IN: Curved and Organic Furniture Forms

The hard-edged, boxy furniture aesthetic of the 2010s is being replaced by softer, more organic shapes. Curved sofas, round dining tables, arched mirrors, and kidney-shaped coffee tables are all gaining traction. This reflects broader design culture moving away from rigidity and toward forms that feel more human and less industrial. The challenge is mixing these curved pieces with architecture that’s often rectilinear — but the contrast, when handled well, is genuinely striking.

OUT: The All-White Kitchen

White kitchens are not disappearing — they’re too practical and resale-friendly for that. But the all-white, handleless, invisible-seam kitchen is losing its status as the aspirational peak of kitchen design. What’s replacing it: warm-toned cabinetry in sage green, dusty blue, and warm grey, combined with natural stone benchtops and visible textures. Kitchen design is getting warmer, more personal, and more willing to show character.

OUT: Open Shelving in Every Room

Open shelving was the defining interior trend of the early 2020s every kitchen featured floating timber shelves, every living room had an exposed bookcase arrangement. The problem, which many homeowners discovered too late, is that open shelving requires constant editing and creates a lot of visual noise. The trend is shifting back toward concealed storage, with open shelving reserved for intentionally curated display areas rather than everyday storage.

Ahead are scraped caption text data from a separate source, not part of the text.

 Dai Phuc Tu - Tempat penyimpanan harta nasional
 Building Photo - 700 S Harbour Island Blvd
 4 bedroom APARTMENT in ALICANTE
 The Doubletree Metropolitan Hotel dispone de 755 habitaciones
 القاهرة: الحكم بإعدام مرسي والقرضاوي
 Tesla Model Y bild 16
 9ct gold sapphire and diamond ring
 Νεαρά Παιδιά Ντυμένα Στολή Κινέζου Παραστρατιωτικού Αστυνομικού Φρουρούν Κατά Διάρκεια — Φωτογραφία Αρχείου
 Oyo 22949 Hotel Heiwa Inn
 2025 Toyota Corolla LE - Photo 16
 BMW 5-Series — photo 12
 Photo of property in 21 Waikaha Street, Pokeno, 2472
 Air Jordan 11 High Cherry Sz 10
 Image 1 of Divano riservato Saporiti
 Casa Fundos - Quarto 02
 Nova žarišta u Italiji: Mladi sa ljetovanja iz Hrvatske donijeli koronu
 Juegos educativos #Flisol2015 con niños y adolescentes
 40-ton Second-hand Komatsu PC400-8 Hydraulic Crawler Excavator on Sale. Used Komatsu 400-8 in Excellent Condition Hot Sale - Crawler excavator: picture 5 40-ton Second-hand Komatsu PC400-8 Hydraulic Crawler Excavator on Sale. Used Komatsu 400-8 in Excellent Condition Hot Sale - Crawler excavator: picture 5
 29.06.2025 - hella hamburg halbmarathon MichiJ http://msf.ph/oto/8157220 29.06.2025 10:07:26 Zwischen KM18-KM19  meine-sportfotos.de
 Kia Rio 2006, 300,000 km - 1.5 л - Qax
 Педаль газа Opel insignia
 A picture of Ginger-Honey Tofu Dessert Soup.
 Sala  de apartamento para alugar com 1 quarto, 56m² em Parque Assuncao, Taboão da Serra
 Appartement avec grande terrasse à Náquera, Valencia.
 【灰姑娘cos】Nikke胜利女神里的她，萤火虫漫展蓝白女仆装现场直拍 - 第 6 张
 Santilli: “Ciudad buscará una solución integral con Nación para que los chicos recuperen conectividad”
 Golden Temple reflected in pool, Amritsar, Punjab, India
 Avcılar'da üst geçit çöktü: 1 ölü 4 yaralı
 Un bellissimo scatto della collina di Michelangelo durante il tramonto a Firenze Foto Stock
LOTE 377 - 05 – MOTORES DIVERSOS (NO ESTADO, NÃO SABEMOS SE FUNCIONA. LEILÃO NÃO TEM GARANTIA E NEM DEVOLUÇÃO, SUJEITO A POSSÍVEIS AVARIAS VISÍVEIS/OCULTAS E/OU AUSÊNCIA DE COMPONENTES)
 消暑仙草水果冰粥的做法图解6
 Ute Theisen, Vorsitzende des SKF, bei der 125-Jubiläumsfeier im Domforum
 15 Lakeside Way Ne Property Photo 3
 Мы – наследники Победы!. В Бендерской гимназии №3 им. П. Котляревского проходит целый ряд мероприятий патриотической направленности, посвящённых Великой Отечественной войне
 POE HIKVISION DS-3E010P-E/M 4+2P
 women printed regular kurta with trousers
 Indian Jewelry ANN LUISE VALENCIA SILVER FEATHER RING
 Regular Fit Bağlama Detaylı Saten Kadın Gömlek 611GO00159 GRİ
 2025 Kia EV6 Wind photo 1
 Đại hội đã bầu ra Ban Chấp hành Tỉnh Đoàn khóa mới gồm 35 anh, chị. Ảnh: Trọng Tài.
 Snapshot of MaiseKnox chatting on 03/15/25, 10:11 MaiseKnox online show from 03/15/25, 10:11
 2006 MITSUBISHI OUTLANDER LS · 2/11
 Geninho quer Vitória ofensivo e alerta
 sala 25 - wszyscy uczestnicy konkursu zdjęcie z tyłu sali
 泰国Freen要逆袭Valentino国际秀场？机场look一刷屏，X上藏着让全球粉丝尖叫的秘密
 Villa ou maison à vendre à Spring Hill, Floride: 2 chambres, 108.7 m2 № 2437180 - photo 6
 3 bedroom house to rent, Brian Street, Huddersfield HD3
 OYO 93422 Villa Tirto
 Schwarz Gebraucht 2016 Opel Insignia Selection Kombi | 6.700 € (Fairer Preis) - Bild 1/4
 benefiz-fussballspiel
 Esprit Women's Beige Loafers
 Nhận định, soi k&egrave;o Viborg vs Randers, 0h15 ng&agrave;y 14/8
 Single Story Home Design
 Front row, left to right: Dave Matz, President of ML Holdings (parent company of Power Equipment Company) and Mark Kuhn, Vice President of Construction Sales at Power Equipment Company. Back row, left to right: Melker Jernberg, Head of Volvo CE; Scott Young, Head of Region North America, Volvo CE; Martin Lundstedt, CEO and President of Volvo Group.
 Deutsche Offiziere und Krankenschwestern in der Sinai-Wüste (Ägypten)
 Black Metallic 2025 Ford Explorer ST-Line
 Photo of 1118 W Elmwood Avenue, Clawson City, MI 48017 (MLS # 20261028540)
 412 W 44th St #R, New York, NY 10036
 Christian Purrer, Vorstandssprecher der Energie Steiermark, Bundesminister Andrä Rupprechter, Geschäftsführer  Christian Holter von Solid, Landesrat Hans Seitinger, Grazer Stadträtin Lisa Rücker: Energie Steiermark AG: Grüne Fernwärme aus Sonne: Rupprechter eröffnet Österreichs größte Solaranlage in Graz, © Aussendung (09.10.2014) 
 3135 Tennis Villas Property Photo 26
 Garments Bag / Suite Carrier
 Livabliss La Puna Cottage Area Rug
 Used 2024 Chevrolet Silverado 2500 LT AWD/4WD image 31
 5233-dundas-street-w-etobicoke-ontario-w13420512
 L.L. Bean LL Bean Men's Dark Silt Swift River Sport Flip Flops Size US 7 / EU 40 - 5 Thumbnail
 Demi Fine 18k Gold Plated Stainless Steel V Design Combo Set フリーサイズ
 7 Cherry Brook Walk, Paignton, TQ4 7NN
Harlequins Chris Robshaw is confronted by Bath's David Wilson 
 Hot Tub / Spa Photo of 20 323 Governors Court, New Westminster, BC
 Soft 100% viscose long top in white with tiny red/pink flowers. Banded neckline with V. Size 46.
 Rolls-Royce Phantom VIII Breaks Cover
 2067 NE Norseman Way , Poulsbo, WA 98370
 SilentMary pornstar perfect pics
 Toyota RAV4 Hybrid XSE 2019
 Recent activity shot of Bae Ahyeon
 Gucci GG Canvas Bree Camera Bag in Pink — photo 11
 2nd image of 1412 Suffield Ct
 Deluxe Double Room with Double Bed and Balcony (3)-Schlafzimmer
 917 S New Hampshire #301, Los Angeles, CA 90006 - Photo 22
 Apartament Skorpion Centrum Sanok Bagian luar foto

IN: Outdoor Living as True Extension of Interiors

This has always been present in Australian design, but it’s intensifying. The pandemic demonstrated how much value outdoor living space adds to daily life, and design is responding. Covered outdoor rooms with quality outdoor furniture, outdoor rugs, proper lighting, and even outdoor kitchen setups are being designed with the same level of care as interior spaces. The line between inside and outside is being deliberately blurred through matching materials, continuous flooring where possible, and aligned colour palettes.

Good interior design doesn’t chase every trend it identifies the ones that suit your home, your lifestyle, and your budget, and filters out the rest. The warmth, texture, and connection-to-nature direction of 2026 Australian design feels genuinely right for our climate and our character. Engage with it thoughtfully, and your home will feel both contemporary and timelessly comfortable.